Tuesday, September 3, 2019

And then there were two: Meet Ace and Zohra

"This is the first time in my entire life that I have not had a dog." ~ Melanie

  Remi has been an only dog for seven years, since Lucy passed away in February 2012. We have talked about getting another dog off and on over the years, but I for one, enjoyed only having one dog. It made it easier to bring him along camping, or to find a pet sitter for, or to take for a ride to the store. One is easy. The down side to this is that Remi would be home alone during the days, and when we left for an overnighter, he was home alone again.

  Melanie and I have had conversations about this for years now. Until recently, Remi could handle a night at home by himself, but he seemed to have a little separation anxiety happening more recently, judging from the neighbors reports of him barking all night, not his normal "there is a cat in the yard bark" but his mournful, "I'm all alone" bark. It got us thinking about getting him dog to keep him company and debated whether or not he would like sharing his home with another dog. Needless to say, Remi passed away last month, within a few days of us returning from our most recent trip and a few days before we departed for another. While we are still mourning his loss, Melanie and I both agree that it was better that he passed while we were home and not while we were away. Two weeks later and I am still checking to see if he is laying at my feet when I awake at night.

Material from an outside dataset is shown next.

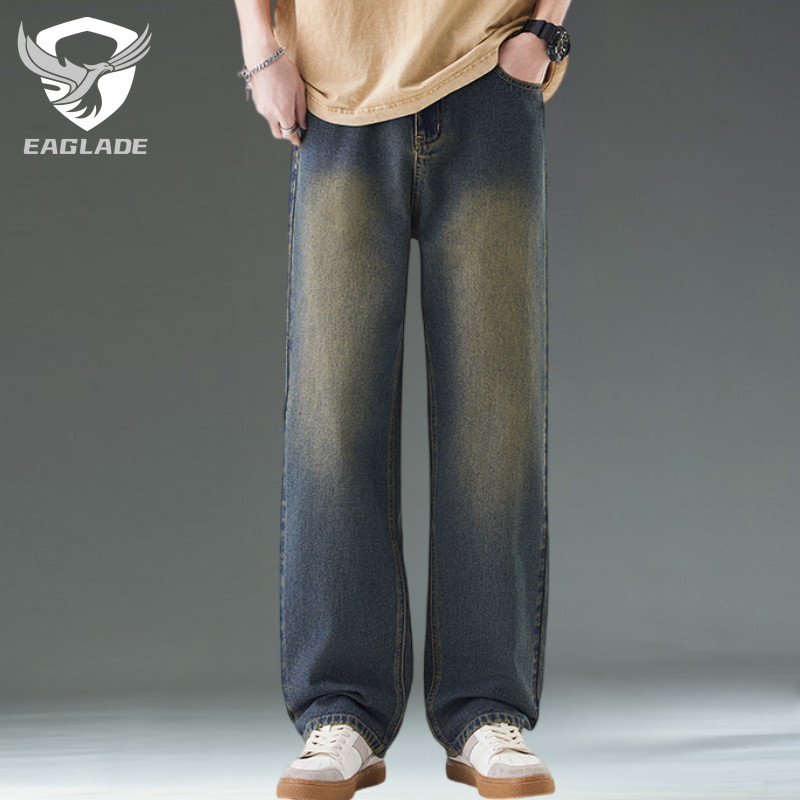 EAGLADE Wide Leg Mens Baggy Loose Vintage Jeans Pants for Men 260 in Nostalgic Blue C03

  After Remi passed. Melanie kept reiterating the fact that it was indeed the first time in her life that she was without at least one dog. She also made it very clear that she was going to be the one that would pick out our next dog. Initially, I wanted to take some time off from having another dog to contend with, but Melanie made a very valid argument about the fact that I am traveling a lot and she would be more comfortable with a dog here to warn off would be trespassers. Melanie also made the point that the kind of dog she would want if she had her choice ( and considering that I was adamant about hair dogs vs fur dogs ~ think allergies) was a Maltipoo or a... honestly I can't remember what the other one was because a Maltipoo is my kind of dog and that's all I needed to hear. 😃
So began the search.

       Initially I thought about waiting until Melanies birthday in October to find a Maltipoo. but then I started to realize that we are headed into fall, and then winter. It would be so much easier to potty train a dog this time of year than during our rainy season. Also realizing that Melanie was headed on a road trip in a few days, I thought it would be a great bonding time for a new dog and allow her to work on potty training. Note: I did do my due diligence and checked shelters and rescues for Matlipoo's and similar breeds and was unable to find a dog within our region that would work with our family dynamics. (Skittish. Does not like children. Needs to be in a single pet home. etc.)

 




I then began to look at ads for Maltipoo's and after a few phone calls and email conversations, I discovered how many shady and dishonest people are out there. While I desperately tried to find a white, beige, or white and beige Maltipoo to add a new color pallet to our four-legged family, the unsavory people eliminated those choices for me. I kept coming back to an add in a dog publication for some black and white Maltipoo puppies. I finally shared the ad with Melanie and she was in love. I reached out to the owner and found him to be the first normal person that I had dealt with in my puppy search. He was located in San Jose and I just happened to be passing through the following day. We agreed to meet and I let Melanie know what time so she could answer my FaceTime call and pick a puppy...What a horribly bad idea that was. All that I can recall from that meeting was, "I can't decide," "If you love me, you'll get both for me," "They will keep each other company," and then driving away in a stupor with two puppies, and me being the only one of the 3 people involved in the transaction that didn't leave there completely satisfied. Now I remember why I didn't let Melanie be involved with the selection of the last puppy. 😉

  Meet Ace and Zohra. Orion picked the name Ace for the boy and Apollo picked Zohra for the girl. Yes, we are crazy for getting two puppies, and Yes, they are the cutest dogs ever, and NO, You can't have one, so quit asking!! 😂

 I think Remi would approve of these two little rascals but I also believe that he is happy to not have to share his home with them.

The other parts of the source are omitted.